Still, even though I’d prefer a decentralised free software alternative, credit where it’s due to WhatsApp for rolling out fully private communication to a huge swathe of people, many of whom may not have otherwise sought it out.


1. lamentreat - April 9, 2016

Not to disparage the move, but isn’t it largely prompted by fears of competition? At a stroke, they take away Telegram’s USP.


Aonrud - April 9, 2016

Very possibly. Telegram seems to have picked up a fair user base, but it doesn’t cover calls etc., does it?

As mentioned above, I’d prefer an open protocol with a choice of open source clients implementing it, but given the existing options, this is still a positive change.

It puts these arguments into a much more mainstream political debate than the technical niche as well.


WorldbyStorm - April 9, 2016

That’s key isn’t it, if these become norms rather than exotic add ons then they have the potential to shift things considerably.


2. gendjinn - April 9, 2016

Feinstein/Burr have a bill requiring all companies to provide clear text of all encrypted data on their system tot he govt.

This is the Feinstein whose investigation into the CIA was illegally spied on and hacked by the CIA.

But then Feinstein and her husbands corruption at the trough of the US gov is legion and has done nothing to end her political career in California.

Liked by 1 person

3. Torheit - April 10, 2016

I’m sorry to rain on anybody’s parade here, but this is a very slight advance if at all – because Whatsapp is owned by Facebook. Luckily there are alternatives.

Facebook is a capitalist enterprise. When capitalists give anything away you can bet that the maxim ‘the product is you’ applies. It makes no commercial sense in the long term that Facebook should have taken the peer-reviewed end-to-end off-the-record encryption of Open Whisper Systems and not back-doored it at least to the extent that when you type in the phrase:

“The revolution begins on Good Friday in front of the GPO”

they are at least able to direct advertising at you that recouperate the words ‘revolution’ and ‘Good Friday’.

At the most optimistic in terms of real privacy.

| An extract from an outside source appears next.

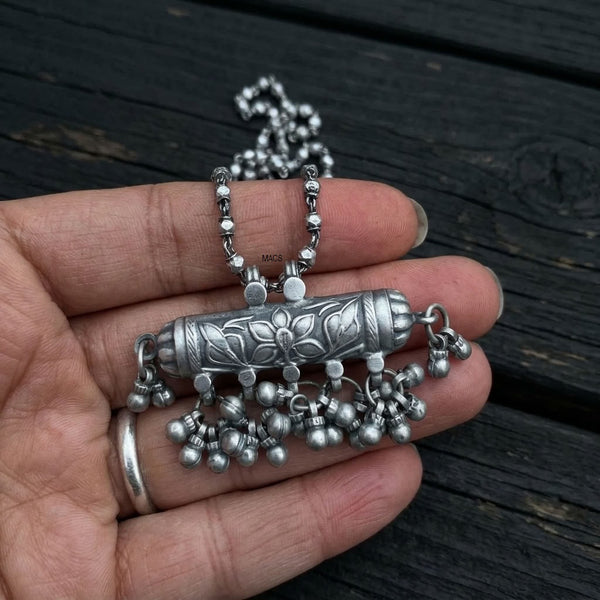 925 Silver taveez necklace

The actuality is probably worse and involves an agreement with 5 Eyes.

However we have no way to judge this because we have no access to the source code to check what they are doing within the Whatsapp app and on the servers at the back end.

In contrast Open Whisper System‘s own Signal is as good as Whatsapp and all the source is open and available. You can compile and run the apps yourself if you are that paranoid.

Signal is ad-free and free (as in beer and speech). Development is supported by donations. It also supports encrypted Telephony which works pretty well on reasonably high bandwidth / low latency WLAN. I’ve no idea whether Whatsapp or Facebook offer free encrypted phone calls, as does Signal. Don’t try it on mobile data unless you are willing to adapt to an ‘over (pause) and out’ conversational protocol. Voice over LTE hasn’t reached Europe yet.

What’s more they just launched a Desktop App for the open source Browser Chrome that allows you to text people from the desktop on (and I haven’t tested this) I imagine closed source systems like Mac OSX and Windows.

I don’t know anyone in my reasonably wide network of security-savvy people who are not using Signal as their day-to-day instant messaging application, and for encrypted phone calls.

Of course Signal is only as secure as the operating system on which you run it, but to my knowledge Signal running on Open/FreeBSD or Qubes presents fairly high barriers to the usual suspects.

Liked by 1 person

Torheit - April 10, 2016

Oh and it’s my belief that the push protocol of Signal offers a certain resistance to Traffic/Metadata analysis especially if is run over Tor or a reliable VPN aggregator.


Torheit - April 10, 2016

Link for setting up the Desktop version of Signal. At the present you need to have the Android version installed and registered on a device with a camera first.


4. Gewerkschaftler - April 11, 2016

I vaguely recall reading that what Facebook gets from Whatsapp is the entire address-book of your Whatsapp which is uploaded onto their servers.

What they do with it afterwards I can only in my darkest dreams imagine.